President Rivlin: Israel Is Democratic and Jewish and Tribal, and There Are Arabs, Too

Tuesday, June 14th, 2016

The 16th Annual Herzliya conference opened at the President’s Residence in Jerusalem, with a discussion by Israeli senior ministers and political party leaders on the joint initiative “Shared Israeli Hope.” President Reuven Rivlin opened his keynote address saying Israeli society has transitioned from being made up of a clear majority and minorities into a society made up of four main sectors or tribes, which are becoming more and more equal in size: secular, Modern Orthodox, ultra-Orthodox and Arab.

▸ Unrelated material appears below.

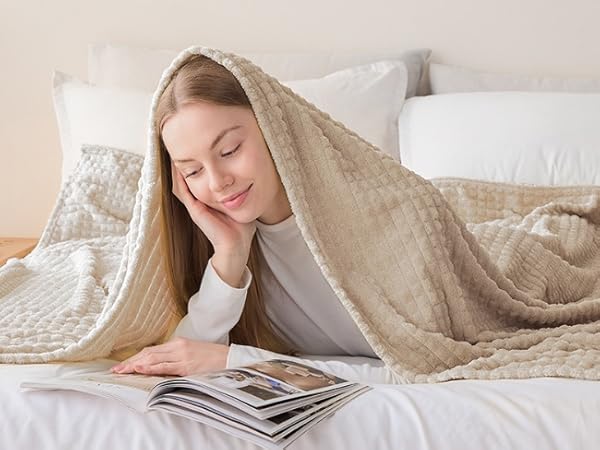 fleece throw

“We must speak the truth; this is not something that we expected,” he said, noting that many had called him a post-Zionist following his previous Herzliya conference address and questioned, “Is anyone who discusses the issues of Israeli identity, post-Zionist?” He explained that Israel was “Four tribes, four competing, different stories, about who we are, and what we want to be.” He noted that “the headline of the conference should have been, ‘Israeli hope: to be or not to be.’” He said that “a year ago there were those that interpreted my words as yet another typical, joyful presidential call… but first and foremost, my words were intended to serve as a call to wake up to the gaps and inadequacies between the reality of Israeli society and the system of Israeli institutions.” Looking ahead he said, “We are obliged to strive for institutional and systematic changes which must be conducted as a national effort… we must recognize that there are material and structural barriers to forming shared rules of the game for the different sectors… The creation of a shared Israeli identity and a shared Israeli hope is a mighty and noble process which will take a generation.”

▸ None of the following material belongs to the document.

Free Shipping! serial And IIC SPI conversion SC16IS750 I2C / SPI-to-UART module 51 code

One of the main engines for change Rivlin discussed was that of academia and employment. “Academia and the Israeli labor market will become an engine of real change, only when academic institutions and employers view the establishment of the Israeli dream – for a young man from Ofakim, a young woman from Bnei Brak, a young man from Jatt and a young woman from Binyamin – as a national mission of paramount professional and economic interests… Academia and the labor market today cater mainly to two tribes, but there are two more.”

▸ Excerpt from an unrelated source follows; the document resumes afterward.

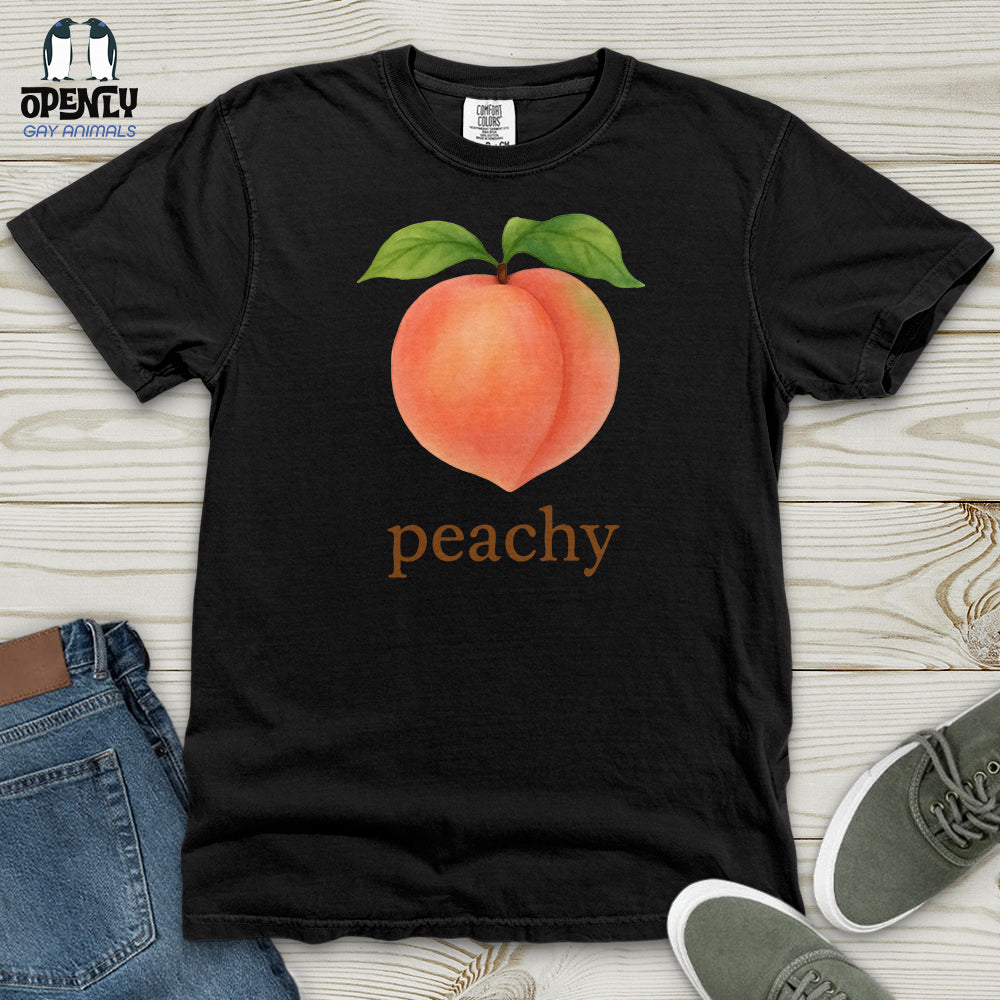 Peachy Heavy Cotton Comfort Colors Tee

He noted that if Israeli society were willing to embrace the necessary changes, the State of Israel would serve as a model for others, “A Jewish and democratic state; democratic and Jewish is one in the same.”

Following the president’s keynote address, senior ministers and political party leaders were given the opportunity to respond.

MK Naftali Bennett, Minister of Education and Minister of Diaspora Affairs, and Chairman of Habayit Hayehudi party, began his address by taking the audience on a journey to 3,000 years in the past: “We are in a sovereign state. A Jewish State under the rule of King David with great economic and political power.” He traced Jewish history through the periods, explaining how Jews in the Diaspora lived in survival mode, “Zionism was based on survival and security.” He noted that now, back in the Jewish homeland, Jews no longer needed to be afraid and could “break into a new creativity without being afraid,” adding that the new generation of Zionism needed to be based on “destiny.” He stressed that Judaism was a religion focused on contending “with the reality of the world and bringing values into it.”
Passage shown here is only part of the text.